The serial was popular enough to inspire a sequel, the 1942 serial Perils of Nyoka, starring Kay Aldridge as Nyoka Gordon. Besides the surname, some other details about the character are also changed slightly.

==Comic books==
Based on the popularity of the serials, Fawcett Comics published Jungle Girl comics, beginning in 1942. The character appeared irregularly until 1953, when Fawcett ceased publication.

According to Jess Nevins' Encyclopedia of Golden Age Superheroes, "Nyoka fights a variety of criminals including gorillas with human brains and Vulture, the queen of a band of Arabian outlaws, whose bodyguard is a giant gorilla named Satan".

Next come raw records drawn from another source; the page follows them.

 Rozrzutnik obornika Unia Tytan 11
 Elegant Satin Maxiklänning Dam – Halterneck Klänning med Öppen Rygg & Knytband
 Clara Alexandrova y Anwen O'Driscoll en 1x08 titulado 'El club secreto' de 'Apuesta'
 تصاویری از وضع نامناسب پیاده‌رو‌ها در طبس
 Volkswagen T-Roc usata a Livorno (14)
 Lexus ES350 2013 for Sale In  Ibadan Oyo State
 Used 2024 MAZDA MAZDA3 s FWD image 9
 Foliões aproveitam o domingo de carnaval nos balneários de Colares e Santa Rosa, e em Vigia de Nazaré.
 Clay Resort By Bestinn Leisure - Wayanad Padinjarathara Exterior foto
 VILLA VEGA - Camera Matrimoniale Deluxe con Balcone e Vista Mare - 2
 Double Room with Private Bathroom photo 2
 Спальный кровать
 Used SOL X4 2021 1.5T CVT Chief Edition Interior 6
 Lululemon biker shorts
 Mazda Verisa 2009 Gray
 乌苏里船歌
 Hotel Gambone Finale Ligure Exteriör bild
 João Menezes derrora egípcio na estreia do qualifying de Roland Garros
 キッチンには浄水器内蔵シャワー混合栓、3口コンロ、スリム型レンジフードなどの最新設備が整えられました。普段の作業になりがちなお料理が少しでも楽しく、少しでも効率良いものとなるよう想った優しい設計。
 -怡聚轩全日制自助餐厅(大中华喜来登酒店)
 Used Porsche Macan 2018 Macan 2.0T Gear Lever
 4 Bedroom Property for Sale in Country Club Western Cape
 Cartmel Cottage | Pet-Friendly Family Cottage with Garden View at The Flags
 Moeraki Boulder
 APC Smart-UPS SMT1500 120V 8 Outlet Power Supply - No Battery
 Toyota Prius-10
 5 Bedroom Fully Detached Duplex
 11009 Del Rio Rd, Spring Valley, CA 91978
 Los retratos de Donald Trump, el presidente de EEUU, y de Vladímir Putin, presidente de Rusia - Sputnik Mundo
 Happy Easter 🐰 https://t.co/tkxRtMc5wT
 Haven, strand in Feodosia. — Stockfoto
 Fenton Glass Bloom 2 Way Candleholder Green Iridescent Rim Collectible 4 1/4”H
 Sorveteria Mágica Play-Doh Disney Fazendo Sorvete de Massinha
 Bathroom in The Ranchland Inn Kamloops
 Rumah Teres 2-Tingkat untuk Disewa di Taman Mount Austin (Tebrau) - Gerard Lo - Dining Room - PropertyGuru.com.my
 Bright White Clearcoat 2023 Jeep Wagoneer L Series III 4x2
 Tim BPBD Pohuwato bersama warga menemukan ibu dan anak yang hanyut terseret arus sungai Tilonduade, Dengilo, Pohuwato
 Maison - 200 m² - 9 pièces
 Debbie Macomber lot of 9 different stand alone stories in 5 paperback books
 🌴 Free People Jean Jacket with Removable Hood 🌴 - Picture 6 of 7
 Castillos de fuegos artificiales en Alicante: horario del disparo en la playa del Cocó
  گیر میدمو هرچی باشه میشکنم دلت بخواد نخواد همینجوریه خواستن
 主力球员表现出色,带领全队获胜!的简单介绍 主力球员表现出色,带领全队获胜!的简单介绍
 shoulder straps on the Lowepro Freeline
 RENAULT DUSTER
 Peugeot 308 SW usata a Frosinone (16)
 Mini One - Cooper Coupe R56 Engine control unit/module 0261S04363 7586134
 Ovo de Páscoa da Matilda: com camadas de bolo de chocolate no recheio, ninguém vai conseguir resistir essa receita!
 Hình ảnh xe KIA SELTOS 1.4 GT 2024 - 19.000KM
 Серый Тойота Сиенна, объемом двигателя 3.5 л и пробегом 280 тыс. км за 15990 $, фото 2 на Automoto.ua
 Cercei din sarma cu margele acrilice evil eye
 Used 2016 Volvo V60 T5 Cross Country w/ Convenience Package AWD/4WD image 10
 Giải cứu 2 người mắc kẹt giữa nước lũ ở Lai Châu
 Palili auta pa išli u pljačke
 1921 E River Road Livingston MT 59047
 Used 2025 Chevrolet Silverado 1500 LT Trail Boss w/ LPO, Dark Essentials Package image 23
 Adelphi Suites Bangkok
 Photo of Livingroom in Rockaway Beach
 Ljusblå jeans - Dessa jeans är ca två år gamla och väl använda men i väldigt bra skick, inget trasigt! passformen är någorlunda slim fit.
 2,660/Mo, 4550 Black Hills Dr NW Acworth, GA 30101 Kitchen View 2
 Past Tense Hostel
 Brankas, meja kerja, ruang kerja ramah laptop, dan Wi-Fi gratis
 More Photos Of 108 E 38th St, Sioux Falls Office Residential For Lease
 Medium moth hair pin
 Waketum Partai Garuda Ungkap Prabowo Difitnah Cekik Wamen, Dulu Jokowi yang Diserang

Nyoka was one of the intellectual properties sold to Charlton Comics by Fawcett in the 1950s after the National Comics Publications v. Fawcett Publications lawsuit. Her first Charlton appearance was in Nyoka, Jungle Girl #14 (November 1955). Her final Charlton appearance was issue #22 (November 1957).

Once Charlton Comics ceased publication, Nyoka's rights were sold again. AC Comics purchased the rights from Charlton in 1987. Nyoka appeared in AC Comics' The Further Adventures of Nyoka the Jungle Girl. There were five issues printed between 1988 and 1989, consisting mostly of reprints and movie stills. Nyoka has since appeared in other AC Comics' titles.